■ Data to process:
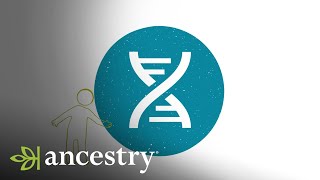 AncestryDNA  Learn more about AncestryDNAs Matches  Ancestry [upl. by Fezoj]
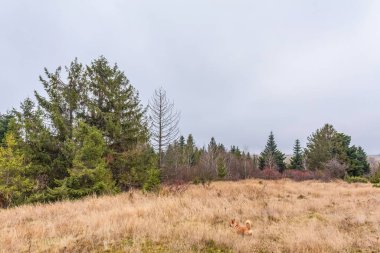 Yeni Zelanda adasındaki güzel ormanın manzarası.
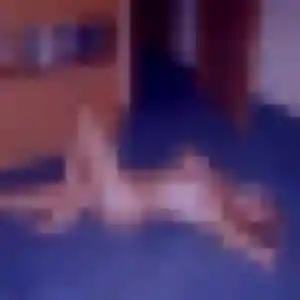 Juliette, 27 ans, dispo pour plan cul à Castelsarrasin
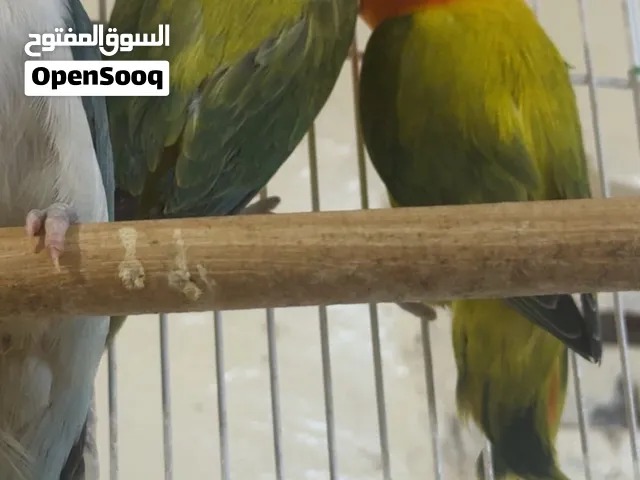 كناري ملون ازرق احمر وأزرق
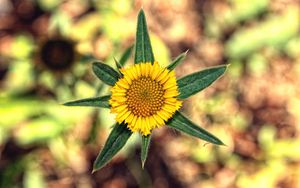 Preview wallpaper flower, yellow, leaves, blur, close-up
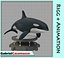 Orca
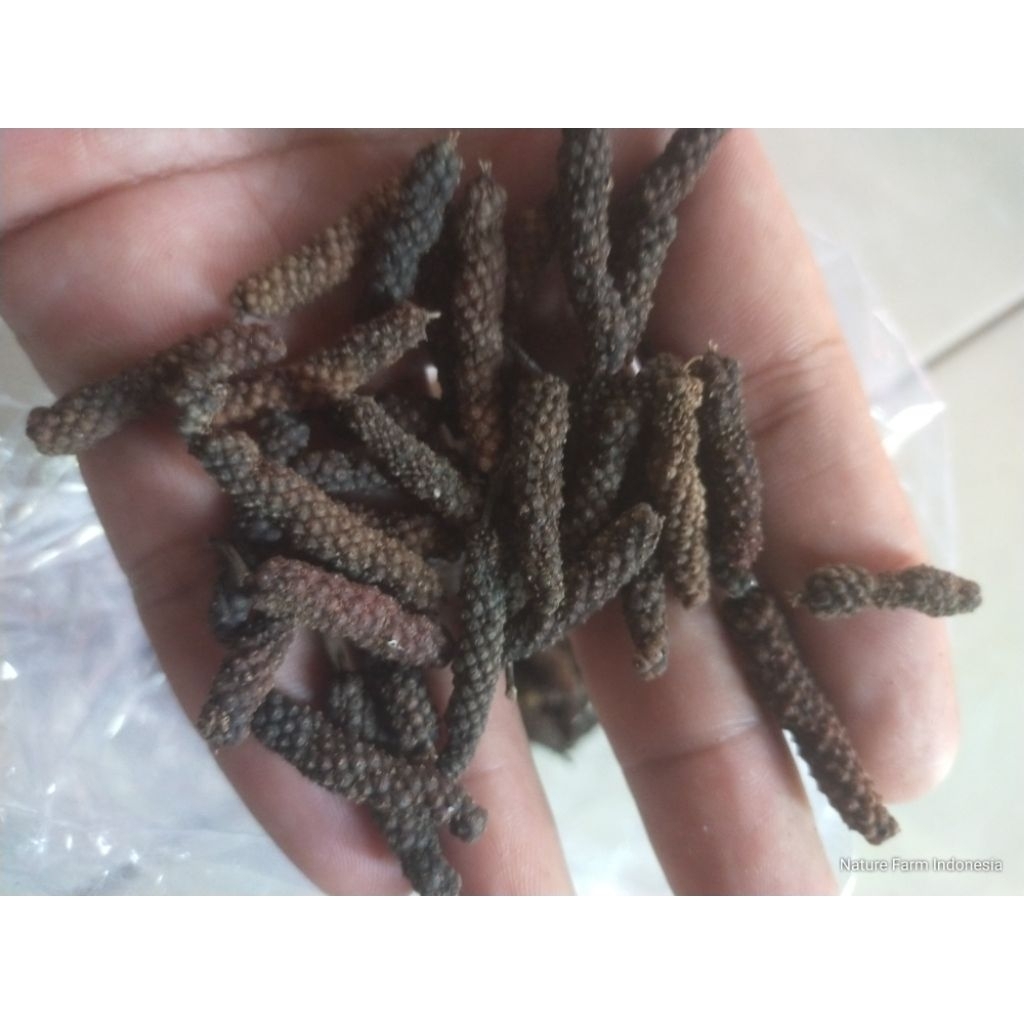 Cabe Jamu / Cabe Jawa / Cabe Puyang kering 1kg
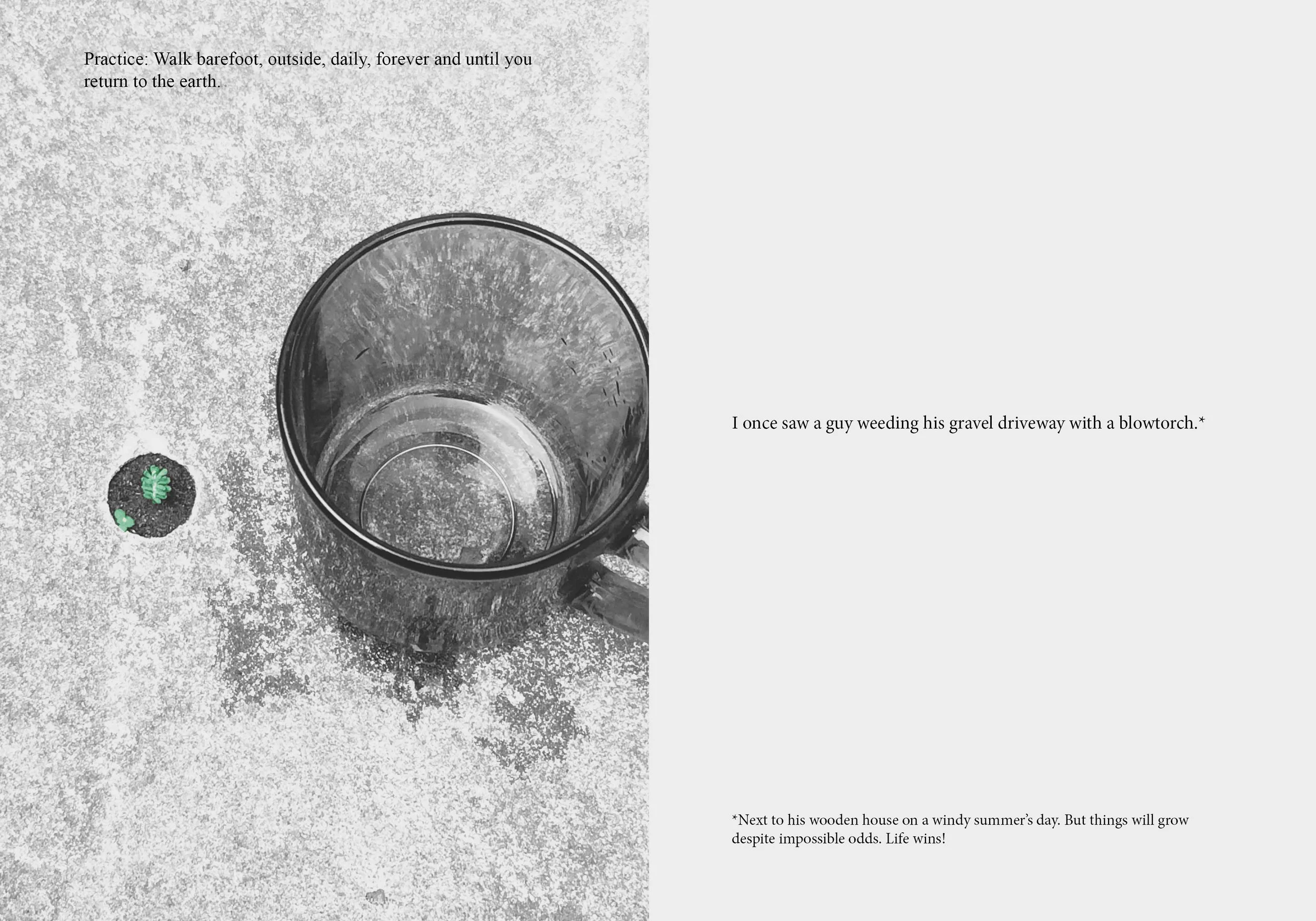 cession songs 07.jpg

■ The problem:
Without the pictures, return the records above exactly as given.

■ Response:
 AncestryDNA  Learn more about AncestryDNAs Matches  Ancestry [upl. by Fezoj]
 Yeni Zelanda adasındaki güzel ormanın manzarası.
 Juliette, 27 ans, dispo pour plan cul à Castelsarrasin
 كناري ملون ازرق احمر وأزرق
 Preview wallpaper flower, yellow, leaves, blur, close-up
 Orca
 Cabe Jamu / Cabe Jawa / Cabe Puyang kering 1kg
 cession songs 07.jpg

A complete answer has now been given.